5. Operation. Licensee agrees, at its sole expense, to maintain and repair the machines and any other personal property placed on the licensed premises by licensee. Licensee shall keep the machines in good operating condition. Licensee agrees at all times during the term of this agreement to keep the minimum number of machines in each of the stores, which machines shall be available for use by the public (subject to normal wear and tear and damage due to fire or other casualty) at all times that the stores are open for business to the public.
6. Change Person. Licensee agrees to have a change person on duty on the licensed premises of each store at all times that the store is open for business to the public.

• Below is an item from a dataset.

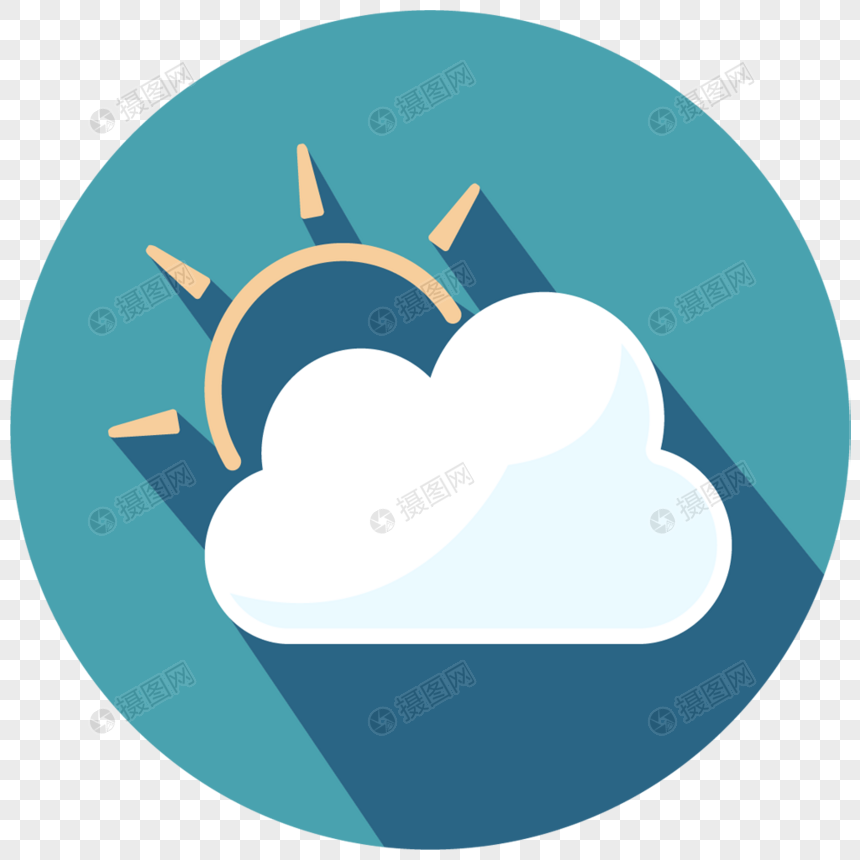 860x860 Cloudy Weather Icon Png Image Picture Free Download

7. Title To Fixtures. All personal property (including, without limitation, the Machines) placed on the Licensed Premises by Licensee shall be and remain the personal property of Licensee and, upon the expiration or earlier termination of this Agreement, Licensee shall, within ten (10) days thereafter and at its sole expense, remove from the Store all such personal property and restore the Licensed Premises to its original condition, ordinary wear and tear excepted.
8. Indemnification. Licensee agrees to indemnify, defend and hold harmless Licensor from and against any and all liability, claims, damages, expenses (including reasonable costs and attorneys' fees
and reasonable costs and attorneys' fees on any appeal), judgments, proceedings and causes of action of any kind whatsoever, arising out of or in any way connected with (i) the exercise of any of Licensee's rights or privileges granted herein, (ii) the ownership, operation, maintenance, repair or replacement of the Machines or any other personal property placed on the Licensed Premises by Licensee, or (iii) the willful or negligent act or omission of Licensee, its agents, contractors or employees.
9. Insurance. Licensee agrees to provide and maintain during the term of this Agreement, including any and all extensions hereof, commercial general liability insurance (including product liability, contract liability and broad form property damage endorsements) insuring Licensee against claims for personal injury, bodily injury or death, and property damage or destruction, occurring in, on or about the Licensed Premises. Such insurance shall be written as the primary coverage on the Licensed Premises with an insurer licensed to do business in the State of Nevada and with an A.M. Bests rating of A or better. Licensor shall be named on the policy as additional insured. The limits of liability of such insurance shall be not less than $2,000,000 for personal injury or bodily injury or death of any one (1) or more persons in one (1) occurrence and $500,000 with respect to damage to or destruction of property; or, in lieu of such coverage, a combined single limit (covering personal injury, bodily injury or death, and property damage or destruction) with a limit of not less than $5,000,000 per occurrence. Licensee shall furnish Licensor with certificate(s) evidencing such insurance. The policies of such insurance shall provide that the insurance represented by such certificate(s) shall not be canceled or nonrenewed without the giving of thirty (30) days prior written notice to Licensor.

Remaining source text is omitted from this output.